If this describes what you're seeing then start by upgrading to task client 655. If it's not then I need a visual/description of what the state of your queue is when it stops processing and then I'll have to go add a lot more logging to the internal task client to see why it stops processing. Is it just internal tasks (tasks starting with '_') that stop processing and external tasks continue to process or does everything in the queue stop? If the latter, did you check to see if your task client had crashed? If so, then upgrade to 655.

nyplayer 11-17-2009 10:27 AM

Slugger,

That is exactly what happens... you describe it to a tee. I will upgrade today.
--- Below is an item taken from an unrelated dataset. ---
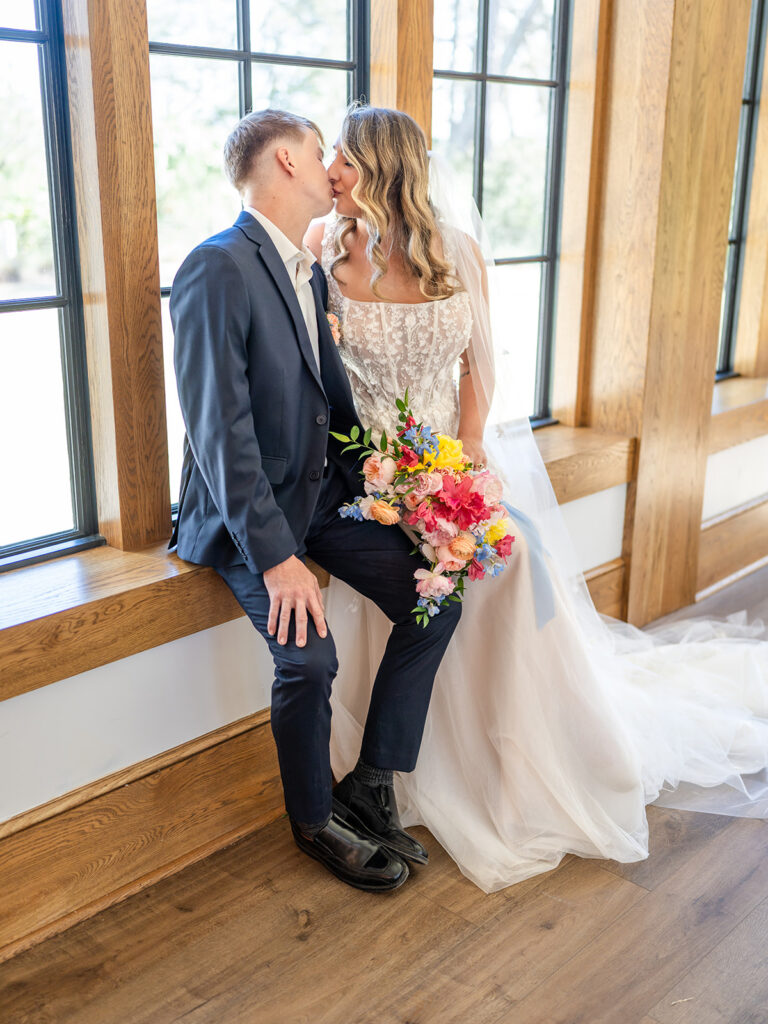 Wedding Photography in Georgia | Kalyn Wolf Studios Bride and groom sharing a window-side portrait during a wedding photography Georgia celebration.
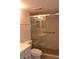 Bathroom features a tiled shower with a glass door, plus modern fixtures and a clean design at 3269 Beneva Rd # 203, Sarasota, FL 34232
Slugger 11-17-2009 11:06 PM

Nasty JRE Bug
 
I'm running Sun JRE 1.6.0_17 and I've encountered a JRE bug that seems to block on an attempt to read the size of a disk. It's a local disk that I'm trying to read so it's definitely not network related. One of my test blocks is using the FreeSpacePercentage test. Tonight I discovered that my queue stopped processing and when investigating, I end up with this dump from SJQ:

Code:

Tue Nov 17 22:49:04 EST 2009: SJQ Application Dump
        QueueLoader thread is alive...
                java.io.WinNTFileSystem.getSpace0(Native Method)
                java.io.WinNTFileSystem.getSpace(Unknown Source)
                java.io.File.getTotalSpace(Unknown Source)
                com.google.code.sagetvaddons.sjq.server.FieldFreeSpacePercentage.run(FieldFreeSpacePercentage.java:43)
                com.google.code.sagetvaddons.sjq.server.RulesParser$Evaluator.internalTest(RulesParser.java:220)
                com.google.code.sagetvaddons.sjq.server.RulesParser$Evaluator.runTest(RulesParser.java:135)
                com.google.code.sagetvaddons.sjq.server.RulesParser$Evaluator.evalTest(RulesParser.java:122)
                com.google.code.sagetvaddons.sjq.server.RulesParser$Evaluator.<init>(RulesParser.java:80)
                com.google.code.sagetvaddons.sjq.server.RulesParser$Evaluator.evalTest(RulesParser.java:111)
                com.google.code.sagetvaddons.sjq.server.RulesParser$Evaluator.<init>(RulesParser.java:78)
                com.google.code.sagetvaddons.sjq.server.RulesParser$Evaluator.<init>(RulesParser.java:101)
                com.google.code.sagetvaddons.sjq.server.RulesParser.loadQ(RulesParser.java:258)
                com.google.code.sagetvaddons.sjq.server.RulesParser.<init>(RulesParser.java:232)
                com.google.code.sagetvaddons.sjq.server.MediaFileQueueLoader.run(MediaFileQueueLoader.java:71)
                java.lang.Thread.run(Unknown Source)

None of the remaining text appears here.